Different synthetic routes for the synthesis of S-Thiocarbamates.

Sulfonyl chlorides are readily available and have been widely used in the fields of materials science as well as in organic and medicinal syntheses.^18–21 Nonetheless, there is no example of the direct generation of S-Thiocarbamates from sulfonyl chlorides. On the contrary, methods based on metal iodide catalysis have gained significant attention in recent years because these processes are environmentally friendly and economical. In this paper, we report a simple and flexible synthetic route for the synthesis of various S-Thiocarbamates under mild reaction conditions using sulfonyl chlorides as the sulfur source (Scheme 1(d)).

Results and discussion

As a model reaction, the iodide-promoted reaction of cyclohexyl isocyanide (1) with 4-tert-butylbenzenesulfonyl chloride (2a) to give S-4-tert-butylphenyl cyclohexylcarbamothioate (3aa) (Table 1) was explored. The structure of product 3aa was confirmed by X-ray crystallography as shown in Figure 1. The results of screening and optimization of the reaction conditions are summarized in Table 1. By reacting 1 with 2a at 50 °C for 4 h in the presence of KI (1.5 equiv.) in a dimethylformamide (DMF)/H₂O (50:1 V/V) volume ratio, the desired S-4-tert-butylphenyl cyclohexylcarbamothioate (3aa) was obtained in excellent yield (90%). As shown in Table 1 (entries 2–5), the use of other iodide sources as catalysts did not result in an increased yield of 3aa. Therefore, KI was the reagent of choice for this reaction. We then screened a number of mixed solvents (solvent/water = 50:1, entries 6–11) and found that DMF/H₂O was the best. In the absence of water, the yield was insignificant (entry 12). Next, we optimized the amount of KI. The results showed that when the added KI exceeded 1.5 equiv. (entries 13 and 14), there was no further increase in the yield of 3aa.

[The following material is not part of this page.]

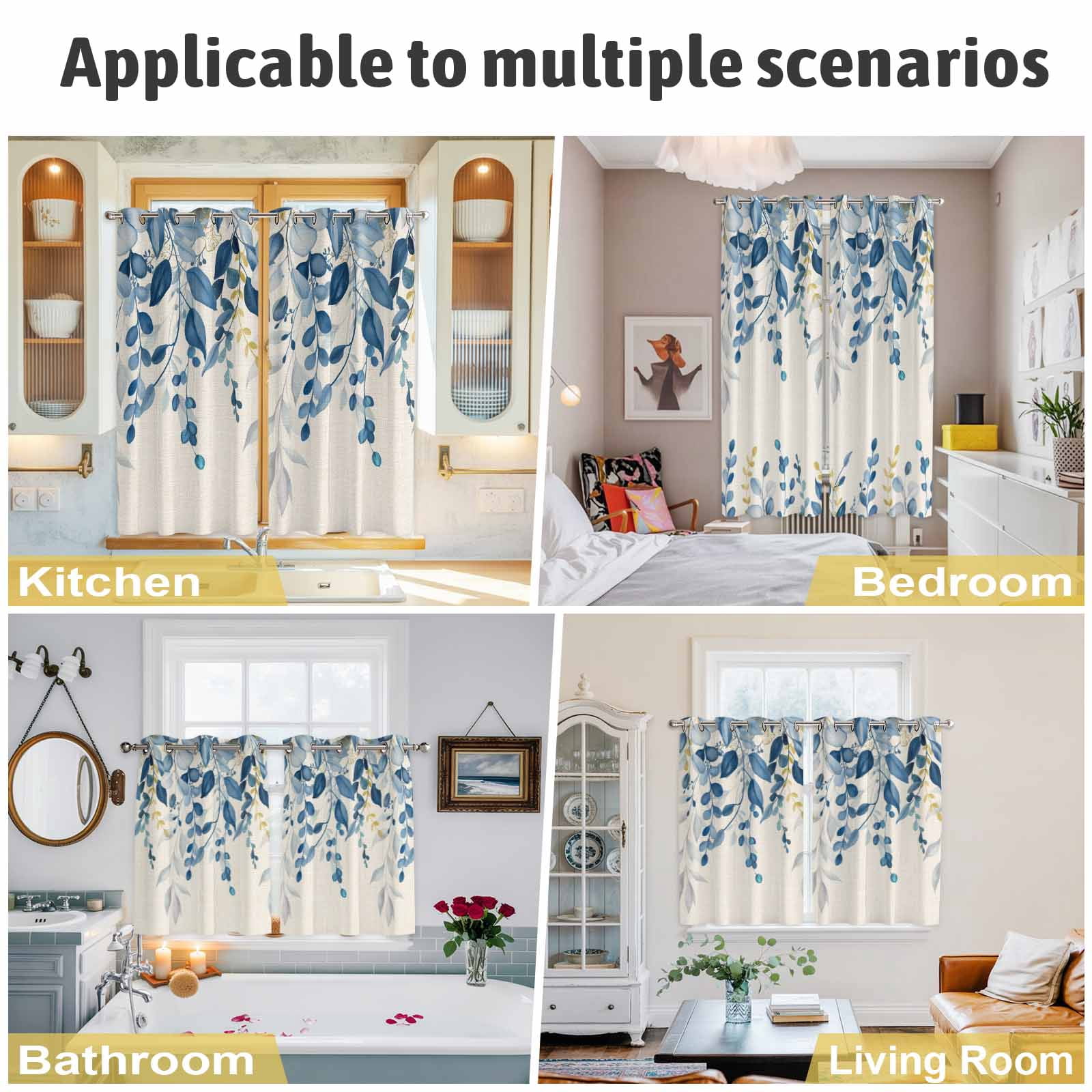 Curtains 63 Inch Length 2 Panels, Blue Eucalyptus Grommets Window Treatment Curtain, Farmhouse Weeping Leaves Linen Thermal Curtains Drapes for Living Room/Bathroom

When the amount of KI was 1 equiv., the yield of 3aa was 70% (entry 15), and when the amount of KI is less than 1 equiv., there was a drastic decrease in the yield (entries 16 and 17). Finally, we optimized the reaction temperature and found that 50 °C was the best. A lower or higher temperature resulted in decreased product yields (entries 18 and 19).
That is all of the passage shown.